Del resto, è oggi ampiamente noto che raffigurare le conseguenze negative di un comportamento attiva una particolare condizione dei comportamenti stessi (controllo e manipolazione mentale attraverso la paura). Per semplificare, ciò che viene comunicato è che se non si agisce un determinato comportamento, le conseguenze saranno caratterizzate dall'assenza e dalla privazione di un determinato bene o valore. Questo attiva un particolare stato di paura inconsapevole che induce la persona ad adottare il comportamento proposto. Ecco alcune tra le più diffuse associazioni di questo tipo:

  • Se non mi sacrifico non imparo
  • Se non mi lavo i denti con quel dentifricio allora mi vengono le carie
  • Se non prego non vado in paradiso
  • Se non compro il disinfettante di quella marca mi ammalerò
  • Se non compro quel giocattolo a mio figlio non sarà felice
  • Se non prendo un buon voto avrò una vita infelice
  • Se non lavoro duramente perderò il posto
  • Se non mi pento non otterrò il perdono
  • Se non mi dedico completamente al partner smetterà di amarmi
  • Se non mi telefona forse non mi ama

Motivazione e comportamento
Accade quindi che tra la realtà e la rappresentazione che culturalmente viene assunta e oggettivata vi sia un forte divario sia nell'ambito dell'origine (motivazione) sia nell'ambito del modo (comportamento). Nel tentativo di formulare modelli di comportamento positivi con efficacia garantita, tra le componenti della motivazione e quelle del comportamento, viene focalizzata l'oggettivazione su queste ultime, in quanto la spinta emotiva motivazionale appartiene alla sfera intima e inconsapevole dell'individuo; pertanto, meno appariscente e condivisibile. Inoltre, l'individuo tende sempre a focalizzare con significativa priorità tutti i comportamenti e i fattori che attivano l'emozione primaria della paura, per ovvie ragioni funzionali e autoconservative. In questo quadro, è facile intuire come una comunità focalizza un contenuto valoriale: se ciascun individuo tende a notare prioritariamente il comportamento piuttosto che l'origine motivazionale, la collettività troverà coesione nell'oggettivare che il modello funzionale garantito riguarda il comportamento piuttosto che la motivazione.

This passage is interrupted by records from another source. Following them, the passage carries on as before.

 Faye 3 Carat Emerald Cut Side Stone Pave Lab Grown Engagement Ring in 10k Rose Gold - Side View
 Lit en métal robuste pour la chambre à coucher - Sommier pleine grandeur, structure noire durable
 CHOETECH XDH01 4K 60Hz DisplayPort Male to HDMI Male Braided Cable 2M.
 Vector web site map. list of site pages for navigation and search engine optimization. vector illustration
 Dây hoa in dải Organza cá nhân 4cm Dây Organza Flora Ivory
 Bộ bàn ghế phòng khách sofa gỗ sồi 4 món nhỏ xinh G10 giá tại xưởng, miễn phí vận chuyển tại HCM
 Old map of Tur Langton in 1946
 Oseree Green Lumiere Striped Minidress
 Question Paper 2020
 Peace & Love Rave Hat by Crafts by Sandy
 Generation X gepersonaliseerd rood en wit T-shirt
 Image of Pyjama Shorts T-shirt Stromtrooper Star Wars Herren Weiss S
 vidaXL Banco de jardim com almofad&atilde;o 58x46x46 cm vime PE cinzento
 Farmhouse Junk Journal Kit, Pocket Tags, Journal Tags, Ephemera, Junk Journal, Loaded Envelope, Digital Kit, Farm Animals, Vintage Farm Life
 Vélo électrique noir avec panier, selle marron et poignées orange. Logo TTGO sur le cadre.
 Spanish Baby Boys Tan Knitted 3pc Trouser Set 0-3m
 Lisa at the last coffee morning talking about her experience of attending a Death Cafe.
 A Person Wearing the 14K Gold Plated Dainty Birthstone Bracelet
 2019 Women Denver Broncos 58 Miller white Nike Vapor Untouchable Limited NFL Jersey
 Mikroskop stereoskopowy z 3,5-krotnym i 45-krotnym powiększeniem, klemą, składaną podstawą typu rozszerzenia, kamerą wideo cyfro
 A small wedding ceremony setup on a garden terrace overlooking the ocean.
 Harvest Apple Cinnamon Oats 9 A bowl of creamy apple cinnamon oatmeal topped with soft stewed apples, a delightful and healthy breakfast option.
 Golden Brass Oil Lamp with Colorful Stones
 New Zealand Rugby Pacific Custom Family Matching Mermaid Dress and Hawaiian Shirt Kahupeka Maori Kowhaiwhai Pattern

In questo dinamismo sociale, abbiamo quindi il prevalere della componente morale-valutativa (trasmissione di comportamenti presunti efficaci), che genera l'oggettivazione del modo (impegno e sacrificio) e scarta il vero motore inoggettivabile e indefinibile che è la motivazione. In questo profilo, si può comprendere come i modelli emotivi individuali vengano a sommarsi in un assetto collettivo in grado di oggettivare qualsiasi cosa. Questa dinamica condiziona se stessa, sulla base di una visione cognitiva e apparente, che però tende a escludere tutto ciò che non riesce a spiegare. Risulta conseguente che la postura individualmente dominante, che vede porre maggiore attenzione alle percezioni della realtà legate alla paura, diviene il criterio valutativo condiviso nel focalizzare comportamenti positivi. Questo determina un trasferimento generazionale di modelli comportamentali con una forte deformazione. In altre parole, se le persone sono turbate dalla paura, produrranno una cultura di comportamenti forgiati sulla paura. Risulta evidente che l'esaltazione del comportamento e l'omissione della motivazione sviluppano modelli e schemi emozionali deformati.

Quale legame unisce l'emozione primaria della paura al sacrificio? La risposta è una domanda fondamentale: come posso evitare di sbagliare? Oppure: qual è la cosa giusta da fare? Davanti a questi quesiti, l'individuo ha l'obbligo di risposta, pena l'emarginazione e/o grandi sensi di colpa. La risposta viene estratta dalle regole e dalle normative del Superego, ove risiedono le indicazioni oggettivate dalla collettività (stereotipi). Esse, scaturite e forgiate sulla paura, garantiscono che attraverso il sacrificio (dove l'individuo nega se stesso) si annulla la colpa di ogni possibile errore. Il sacrificio rappresenta quindi una garanzia a discolpa degli errori e una più profonda risposta alle spinte del modello emotivo, che, fondato e oggettivato sulle pressioni della collettività, vede precondizionate le domande a cui rispondere.